けっこう有名な話なので、ご存じの方も多いと思うが、昔bitという雑誌に「本物のプログラマPASCALを使わない」なる記事が掲載されたことがある。
以前ネットでこの記事を見つけて、とても面白かったのだが、ページがなくなってしまって以来、また読みたいなあ、と思っていたら、morifuku さんのところでその記事を見つけた。


http://morifuku.cocolog-nifty.com/blog/2004/12/pascal.html


思わずブログのタイトルに反応してしまいました。:)
「本物のプログラマ...」に続編があるとは知らなかった。


ちょっと長いけど、ぜひ読んでみてください。面白いから。
かなり前の話なので、若い人は内容的にちょっと分からないところもあると思うけど、言いたいことはなんとなく分かると思う。
だいぶ誇張されてるところはあると思うけど、言わんとしているところは現在でも十分通用する。

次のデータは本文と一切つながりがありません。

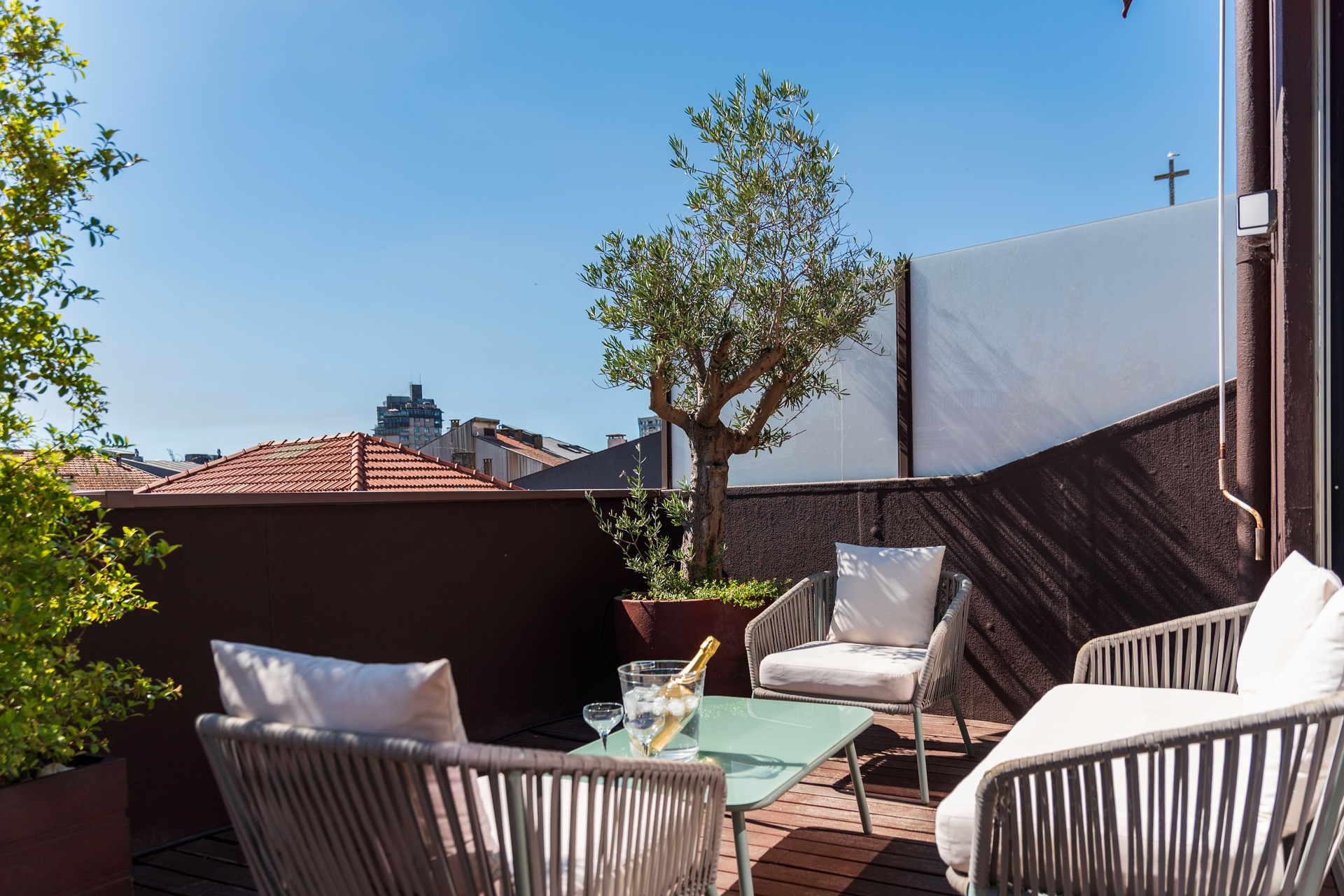 porto-rooftop-apartment_apartment_porto-portugal-exterior-terrace-design.jpg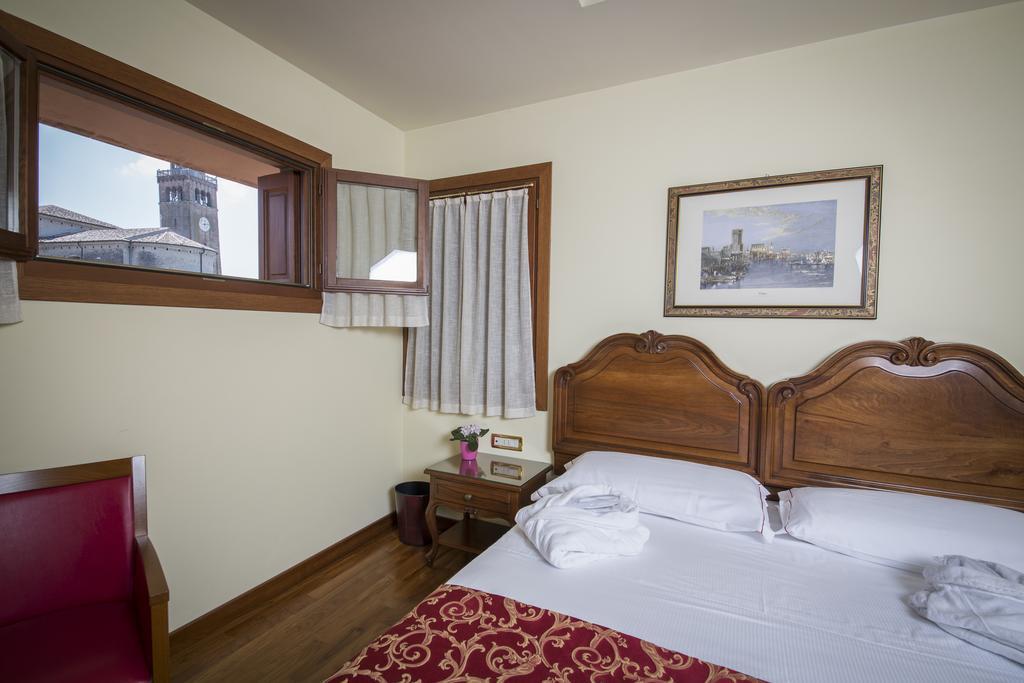 פורטוגרוארו Hotel Spessotto מראה חיצוני תמונה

「話がよく見えん」という人のために、ぼくが知っている範囲で当時の時代背景をば。
もし間違っていたら、指摘していただけると嬉しい。


この記事が書かれた1980年代前半は、大型コンピュータがバリバリ使われていた時代。
大型コンピュータは空調の利いたコンピュータ室にうやうやしく置かれていて、個人が自由に一日中使える代物ではなかった。
プログラミング言語FORTRANCOBOLが幅を利かせていた。


プログラムもキーボードとディスプレイではなく、カードパンチャーで一枚一枚入力し、JCLというコンピュータに作業依頼するための指示書をつけて、カードリーダーに読ませていた。
結果はラインプリンタという、ドラムのお化けのような巨大で騒々しいプリンタに打ち出される。
間違いやエラーがあったら、カードを打ち直して再びカードリーダーに読ませる。
コンパイルや実行も、JCL経由で指示。
今から考えるとえらくのんびりしたことをしていたが、当時はそんなことを普通にしていた。


ではパソコンはどうであったか。
パソコンと言っても、CPUはようやく8bitから16bitに移行し始めたころであり、まだまだ大型コンピュータに比べると幼稚なものであった。
当時のパソコンでプログラムを作る時はほとんどBASICや機械語*1を使っていた。
ハードディスクどころか、フロッピーディスクも高価であり、外部記憶装置といえば、カセットテープのみという人が多かったように思う。


そんな時代、パソコン雑誌に「これからはPASCAL」なる記事が載る。
「BASICなんてもう古い。これからはPASCALだ。何年かのちにはパソコンではBASICに代わってPASCALが使われるようになる」といった記事だったと思う。
いくつかの雑誌にもサブセット版ではあるがPASCALが掲載*2されたりしていたので、けっこう使った人はいたと思われる。
実際にはPASCALがパソコンの標準になることはなかったが。


「本物のプログラマPASCALを使わない」は、そんな時代に書かれたものだ。
大型機からマイコンまで広く知る作者が、当時の風潮に危機を感じていたことは、想像に難くない。


この記事が現在も読んで面白いのは、コンピュータが思ったほど当時と変わっていないからだろう。
もちろんコンピュータの性能は飛躍的に上がり、できることも格段に増えた。
全てのコンピュータはネットワークでつながり、今やパソコンはTVやビデオといった家電と同じように使われている。
こんな風になることを、誰が想像しただろうか。


だが、コンピュータの本質はそれほど大きく変わってはいない。
より速く、より大容量に、より使いやすくなったが、基本は同じである。
「本物のプログラマ...」の作者は、どう思うかな。
「昔と変わってないね」と言うだろうか。。